English Lippia, frog fruit, cape weed [2], daisylawn, fog fruit, knotted-flower phyla, matgrass, turkey-tangle [3]
China Guo jiang teng shu, guo jiang teng [3]
India Arki mirchi, bafli, bakkan, bhui-okra, bhuiokara, bhuiokra, bokenaku, bokkena, bokkenaku, btutalai,   bukkan, bukun booti, caivam, calakirakani, calakkiranitipanam, cempucattumuli, cetitta, chinglembi, civakarnanki [3]
Thailand Yaa klet plaa (Central) [2]
Philippines Busbusi (Iloko); chachahan (Tagalog); sirik puyo (Bisaya) [2]; kolud, lopulopu [3]
Cambodia Man am ca dam [2]
Vietnam D[aa]y l[uws]c, s[af]i d[aas]t gi[ar] [2]
Nepal Abijali, aikamar, kurkure jhar, phuli jar [3]
Pakistan Jal-nim, makna, wakan [3]
Japan Iwa-dare-so [3].

Geographical Distributions

Phyla nodiflora is found in tropical and subtropical areas throughout the world. It is found in a wide range of soils but prefers well-drained sandy soils and is of­ten encountered in bordering waterways and near the sea. P. nodiflora can be a common weed in open, waste places at low and medium altitudes. [2]

Botanical Description

P. nodiflora is a member of the Verbenaceae family. It is a perennial creeping herb, with prostrate stems, and mostly rooting at the nodes that can grow up to (10-)30-90 cm tall. The branches are slender, procumbent or ascend­ing, with densely appressed strigillose, to hairy or nearly hairless. [2]

The leaves are decussate, variable, spathulate to obovate or elliptical, measure 1-7 cm x 0.6-2.5 cm, long-or short-wedge-shaped at base, rounded or obtuse at apex, with basally entire margin, sharply serrate above the middle, variably strigillose hairy to hairless on both surfaces and fleshy. The petiole is 2-8 mm long or absent, as well as the stipules. [2]

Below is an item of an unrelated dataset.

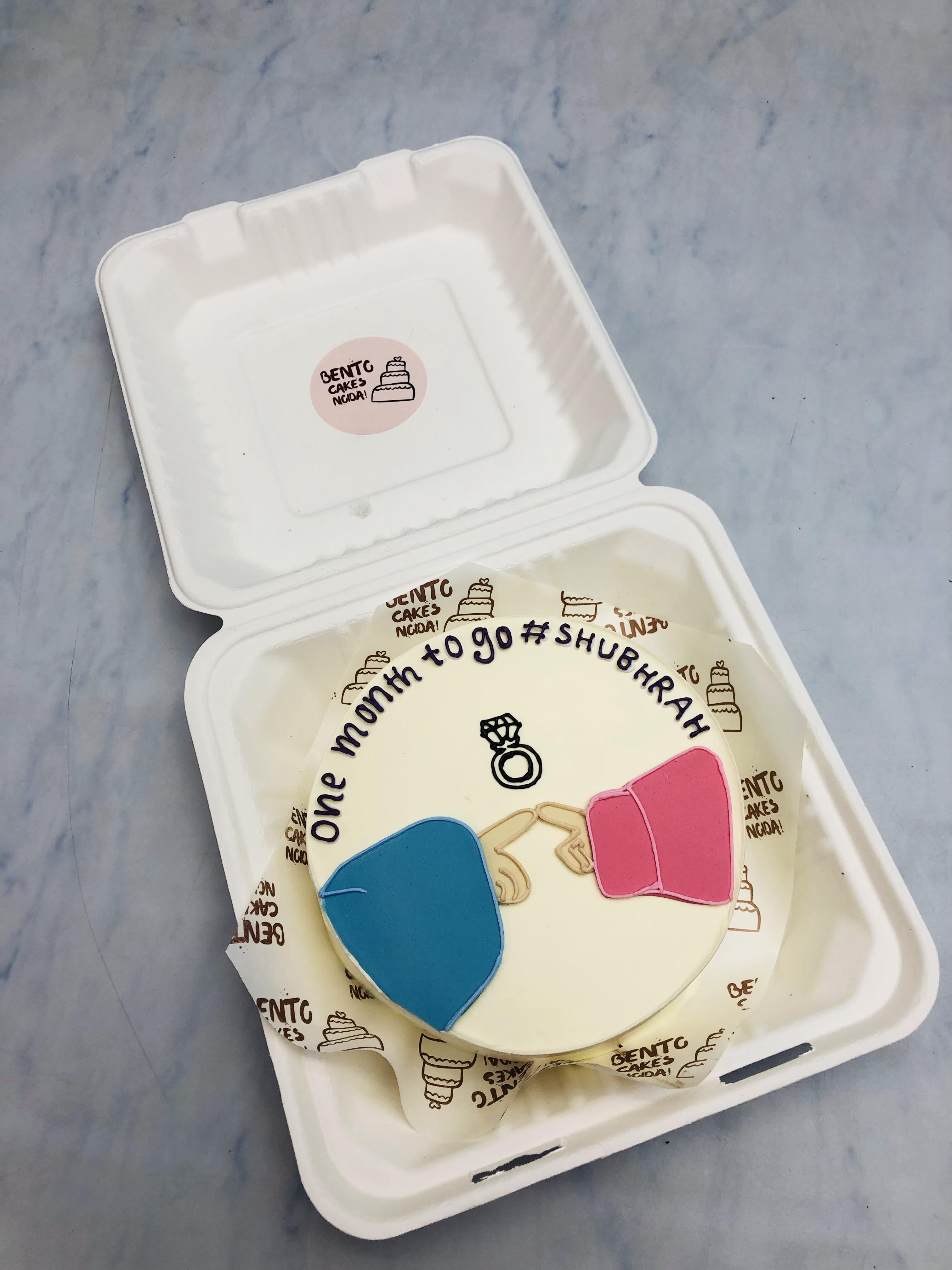 Getting Engaged Theme Bento Cake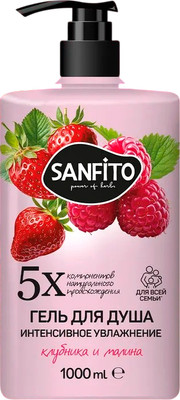 Гель для душа Sanfito Клубника и малина Интенсивное увлажнение (1л)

The inflorescence is an axillary. At first, it is nearly spherical-head-like but later becoming cylindrical and often elongated with age. It measures 1-2.5 cm x 0.5-1 cm long when mature and densely many-flowered. The peduncle is 1-11.5 cm long and bracteolate. The flowers are sessile and subtended by a bract. The sepal is deeply 2-cleft, up to 2 mm long while the petal is purple or pink to white. The mouth is often yellow while the throat is pink-brown. The tube is slightly exserted from the sepal and 4-lobed. The lobes are subequal where the lower lobe is larger and bifid. There are 4 stamens, which are didynamous, included or slightly exserted. The ovary is superior, 2-locular, and with 1 ovule per locule. The stigma is capitate. [2]

The fruit is a drupe, 1.5-2 mm long, dry, spherical to oblong and flattened. At maturity, it is divided into 2 planoconvex pyrenes. [2]


No documentation.

Chemical Constituent

No documentation.

Plant Part Used

No documentation.

Traditional Use

No documentation.

Preclinical Data

No documentation.

Clinical Data

No documentation.

Poisonous Management

No documentation.

Line drawing


Figure 1: The line drawing of P. nodiflora [2]


  1. The Plant List. Ver 1.1. Phyla nodiflora (L.) Greene[homepage on the Internet]. c2013 [updated 2012 Mar 26; cited 2015 Jul 28]. Available from:
  2. Chuakul W, Soonthornchareonnon N, Ruangsomboon O. Phyla nodiflora (L.) Greene In: van Valkenburg JLCH, Bunyapraphatsara N, editors. Plant Resources of South-East Asia No. 12(2): Medicinal and poisonous plants 2. Leiden, Netherlands: Backhuys Publisher, 2001; p. 418-420.
  3. Quattrocchi U. CRC world dictionary of medicinal and poisonous plants: Common names, scientific names, eponyms, synonyms, and etymology. Volume IV M-Q. Boca Raton, Florida: CRC Press; 2012. p. 535-536.